English surveillance programme for antimicrobial utilisation and resistance (ESPAUR)
In 2022, with the lifting of pandemic mitigations and the return to pre-pandemic levels of health
activity, there were substantial increases in rates of priority pathogens and antibiotic use.
From 2018 to 2022, there was a 11.7% increase in patient episodes of bloodstream infections
(BSIs) and/or fungaemia in England. However, over this period, the estimated overall burden of
antimicrobial resistance (AMR) infections decreased by 1.6% and priority pathogen AMR BSIs
decreased by 4.6%.
The AMR burden in BSI varied markedly across regions in England with the rate of resistant
BSIs almost double in the highest (London) compared to the lowest (South West) region.

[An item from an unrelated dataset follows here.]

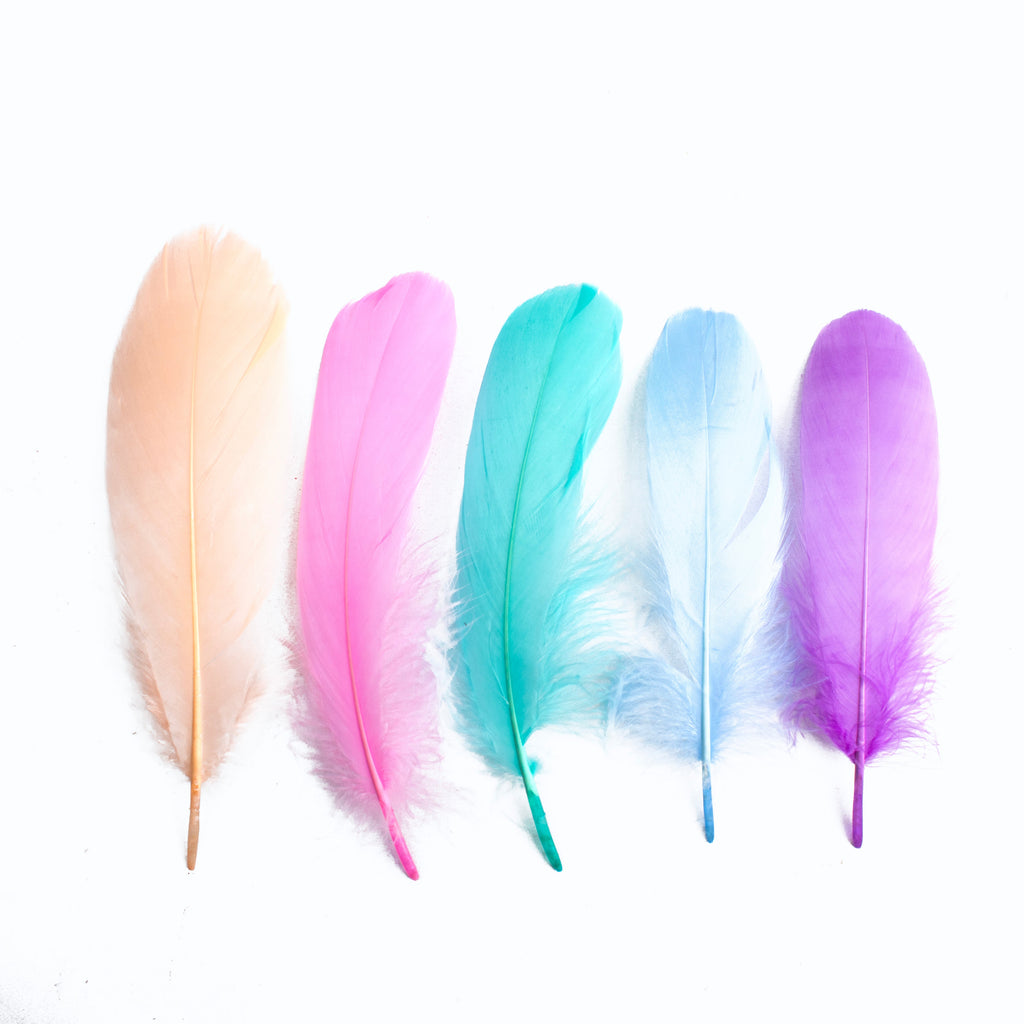 Goose Feathers Pastel 15 to 17cm 20pc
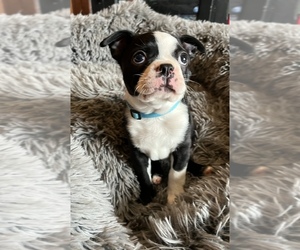 Boston Terrier Puppy for sale in WILMINGTON, OH, USA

For Escherichia coli and Klebsiella pneumoniae causing BSI, there were significant increases in
the percentage resistance to piperacillin/tazobactam between 2018 and 2022. Carbapenem
resistant Enterobacteriaceae BSI remained low and stable; in 2022, 152 carbapenemase
producing Gram-negative sterile site infections were formally notified to UKHSA.
In 2022, the overall crude case fatality rate for 30-day all-cause mortality in patients with priority
Gram-negative bacterial BSI was 16.9% with a higher all cause crude case fatality rate for
antibiotic resistant BSI (19.1%) compared to those with antibiotic susceptible BSI (16.2%).
While the highest number of BSIs were detected in White ethnic groups; the proportion that
were antibiotic resistant was almost double in in Asian or Asian British ethnic groups (34.6%)
compared to white ethnic groups (18.7%).